Short text fragments from websites
━━━━━━━━━━━━━━━━

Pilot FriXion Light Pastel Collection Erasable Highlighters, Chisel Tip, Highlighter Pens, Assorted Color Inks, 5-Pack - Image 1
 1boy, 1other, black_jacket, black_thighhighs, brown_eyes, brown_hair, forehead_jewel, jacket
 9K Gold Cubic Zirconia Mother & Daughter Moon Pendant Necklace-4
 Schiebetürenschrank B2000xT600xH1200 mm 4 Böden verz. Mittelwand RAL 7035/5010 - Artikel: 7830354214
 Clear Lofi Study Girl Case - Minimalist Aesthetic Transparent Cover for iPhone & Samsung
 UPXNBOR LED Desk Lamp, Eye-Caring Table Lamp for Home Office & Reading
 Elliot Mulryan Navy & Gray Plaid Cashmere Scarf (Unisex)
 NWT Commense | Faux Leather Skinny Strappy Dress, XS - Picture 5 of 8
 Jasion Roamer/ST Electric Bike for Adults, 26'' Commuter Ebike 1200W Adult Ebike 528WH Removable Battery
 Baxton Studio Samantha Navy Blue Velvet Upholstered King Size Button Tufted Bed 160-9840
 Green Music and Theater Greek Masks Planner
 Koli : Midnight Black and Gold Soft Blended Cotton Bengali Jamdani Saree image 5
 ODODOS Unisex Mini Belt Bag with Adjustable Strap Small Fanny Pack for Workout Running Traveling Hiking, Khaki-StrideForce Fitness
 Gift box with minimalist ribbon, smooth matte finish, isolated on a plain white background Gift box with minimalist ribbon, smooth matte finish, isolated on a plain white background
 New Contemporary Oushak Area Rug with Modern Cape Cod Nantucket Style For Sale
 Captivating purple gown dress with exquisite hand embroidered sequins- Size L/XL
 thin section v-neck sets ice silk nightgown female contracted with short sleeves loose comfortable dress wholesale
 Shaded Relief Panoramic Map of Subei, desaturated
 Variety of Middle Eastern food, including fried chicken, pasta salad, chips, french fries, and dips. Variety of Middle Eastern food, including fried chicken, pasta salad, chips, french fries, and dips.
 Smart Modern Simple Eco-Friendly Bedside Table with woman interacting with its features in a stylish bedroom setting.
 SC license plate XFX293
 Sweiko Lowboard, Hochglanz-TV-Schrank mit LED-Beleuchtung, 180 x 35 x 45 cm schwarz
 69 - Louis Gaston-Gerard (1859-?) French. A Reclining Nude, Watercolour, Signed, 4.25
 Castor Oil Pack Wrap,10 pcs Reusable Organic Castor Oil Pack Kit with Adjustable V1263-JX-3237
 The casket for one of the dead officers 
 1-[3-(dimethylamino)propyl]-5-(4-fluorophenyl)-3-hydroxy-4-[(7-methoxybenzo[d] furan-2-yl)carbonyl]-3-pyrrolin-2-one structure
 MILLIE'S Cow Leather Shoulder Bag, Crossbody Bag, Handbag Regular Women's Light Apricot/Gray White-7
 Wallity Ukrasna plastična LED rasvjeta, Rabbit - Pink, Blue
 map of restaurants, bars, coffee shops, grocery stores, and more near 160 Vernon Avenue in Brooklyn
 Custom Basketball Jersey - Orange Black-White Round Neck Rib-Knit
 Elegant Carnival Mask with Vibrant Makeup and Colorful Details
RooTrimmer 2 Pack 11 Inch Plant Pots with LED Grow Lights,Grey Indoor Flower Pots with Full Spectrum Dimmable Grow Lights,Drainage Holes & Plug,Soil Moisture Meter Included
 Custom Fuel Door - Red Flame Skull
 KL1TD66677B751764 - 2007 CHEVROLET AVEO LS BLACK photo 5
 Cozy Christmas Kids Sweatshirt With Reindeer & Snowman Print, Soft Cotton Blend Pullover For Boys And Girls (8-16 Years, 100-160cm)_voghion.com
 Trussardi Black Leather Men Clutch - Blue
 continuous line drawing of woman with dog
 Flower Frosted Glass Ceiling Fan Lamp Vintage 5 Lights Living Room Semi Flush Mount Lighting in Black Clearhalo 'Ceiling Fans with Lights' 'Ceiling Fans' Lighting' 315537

━━━━━━━━━━━━━━━━

What to produce: Among the lines of the entries, count those containing the string "Unisex" and give only the number.

Exercise result: 2